O'Brien was part of a team that performed surgery on a woman with shrapnel embedded in her legs. Before the injured patient went under anesthetic, she smiled at O'Brien and thanked her. The woman smiled again after the operation when her husband arrived, O'Brien believes, to reassure him.

Women pay their respects to all those affected by the bomb attack, following a vigil in central Manchester, Britain May 23, 2017. (Peter Nicholls/Reuters)

"She was an absolutely inspirational person to me," O'Brien said. "It must have taken great strength from her. I'll always remember her. That's the sort of positive thing that I like to think comes out of an event like this ... I was just a little part of a big team that helped that lady, but I've got absolutely no doubt that somebody like that wouldn't even think twice about helping me."

The woman underwent a second surgery on Thursday, but is recovering well.

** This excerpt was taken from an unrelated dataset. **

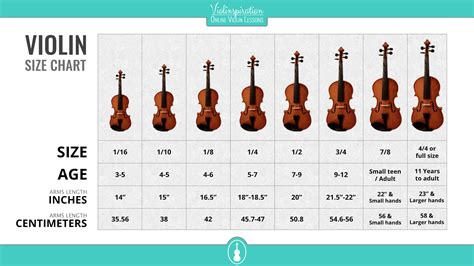 how long is a violin full size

As for O'Brien, it wasn't until her shift was over that she was able to react to the horror of the attack.

Charlotte Campbell, mother of Manchester Arena attack victim Olivia Campbell, and stepfather Paul Hodgson at a vigil in central Manchester, Britain May 25, 2017. (Stefan Wermuth/Reuters)

"I did have a really good cry the next morning," she said.

"I put the news on to see what actually happened and I saw this poor, poor lady asking for information about her daughter, who she couldn't find, and ... it took me back to how frightened I was for Declan, my son, when I woke up and heard [the news] on the radio."

A police cordon blocks a street near the Manchester Arena in Manchester, Britain May 24, 2017. (Jon Super/Reuters)

Her other moment of reckoning was when the police asked her team to preserve the wounded people's clothing and belongings in bags — along with the uncleaned metal pieces they had removed from their patients' bodies.

"It would be needed for evidence," she said."That brought it home that it was a criminal act, that somebody had done it and there was evidence."